§ **ASSIGNMENT**
Keep the wording of every entry exactly as it is while leaving the pictures out of your copy.

※

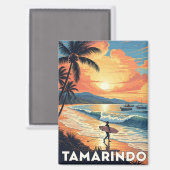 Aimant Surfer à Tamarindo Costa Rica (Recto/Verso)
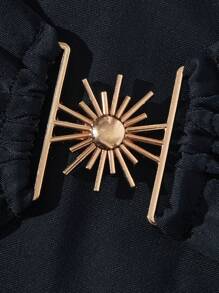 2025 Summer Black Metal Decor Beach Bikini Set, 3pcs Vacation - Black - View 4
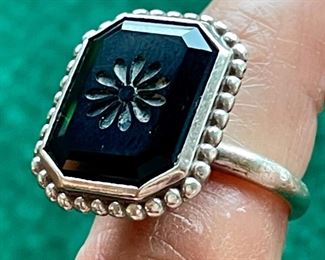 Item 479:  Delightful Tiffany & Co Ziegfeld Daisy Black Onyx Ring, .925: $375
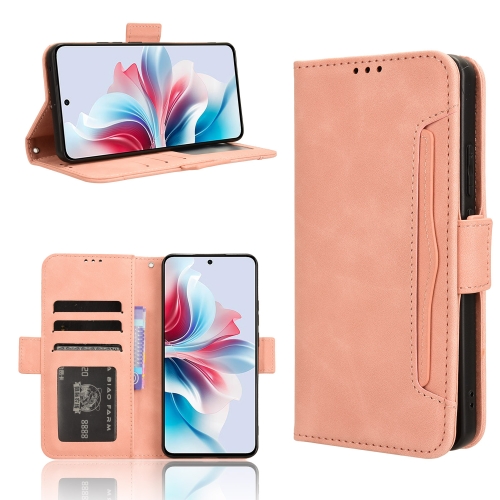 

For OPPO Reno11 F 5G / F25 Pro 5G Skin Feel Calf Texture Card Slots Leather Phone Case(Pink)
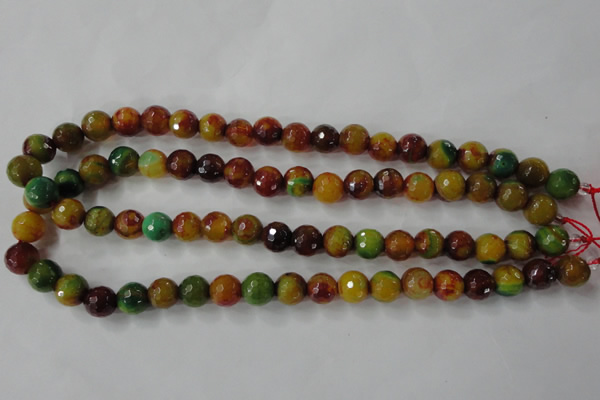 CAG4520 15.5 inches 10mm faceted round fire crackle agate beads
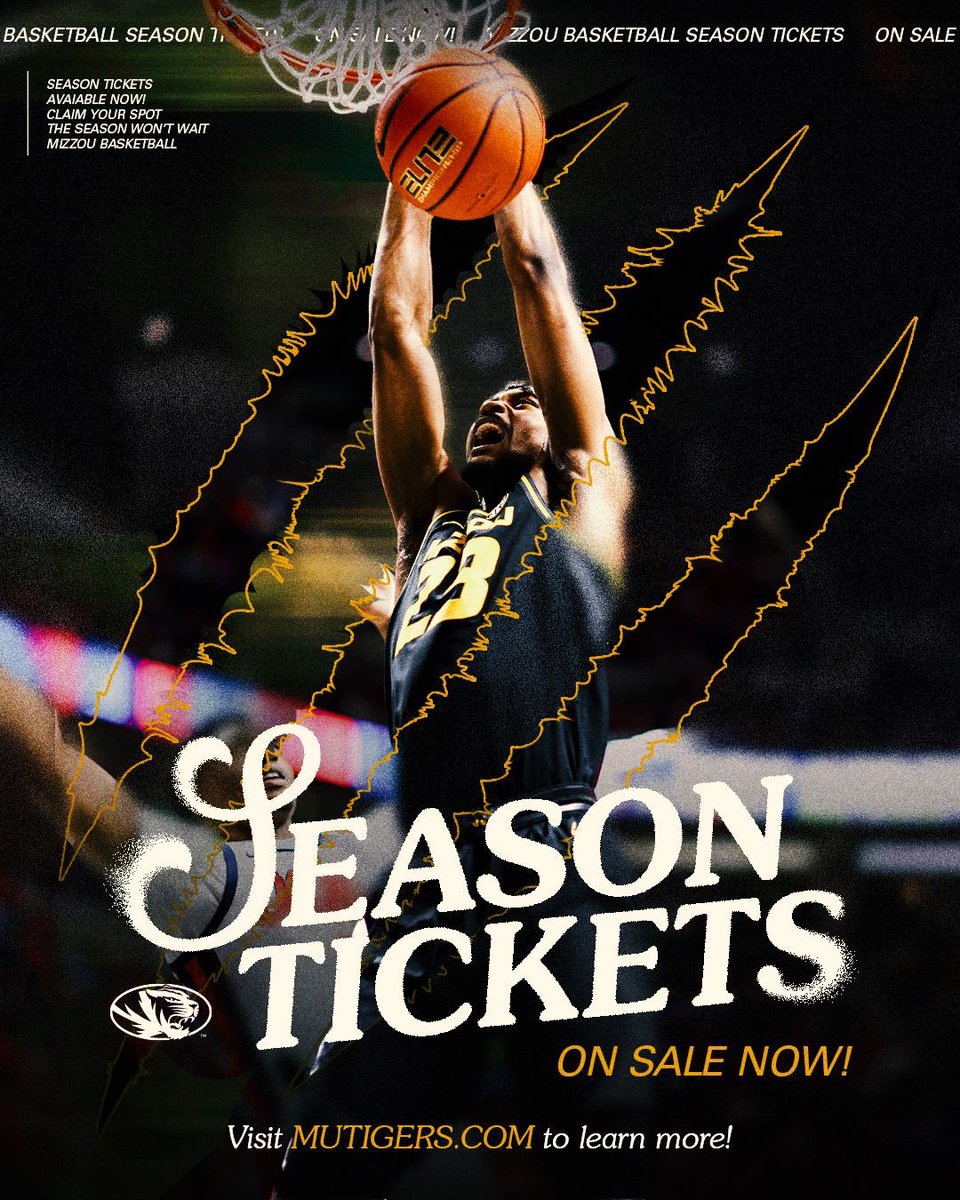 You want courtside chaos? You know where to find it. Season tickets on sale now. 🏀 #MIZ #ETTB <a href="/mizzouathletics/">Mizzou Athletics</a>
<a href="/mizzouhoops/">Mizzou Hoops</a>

※

§ **REPLY TO THE TASK**
 Aimant Surfer à Tamarindo Costa Rica (Recto/Verso)
 2025 Summer Black Metal Decor Beach Bikini Set, 3pcs Vacation - Black - View 4
 Item 479:  Delightful Tiffany & Co Ziegfeld Daisy Black Onyx Ring, .925: $375

For OPPO Reno11 F 5G / F25 Pro 5G Skin Feel Calf Texture Card Slots Leather Phone Case(Pink)
 CAG4520 15.5 inches 10mm faceted round fire crackle agate beads
 You want courtside chaos? You know where to find it. Season tickets on sale now. 🏀 #MIZ #ETTB <a href="/mizzouathletics/">Mizzou Athletics</a>
<a href="/mizzouhoops/">Mizzou Hoops</a>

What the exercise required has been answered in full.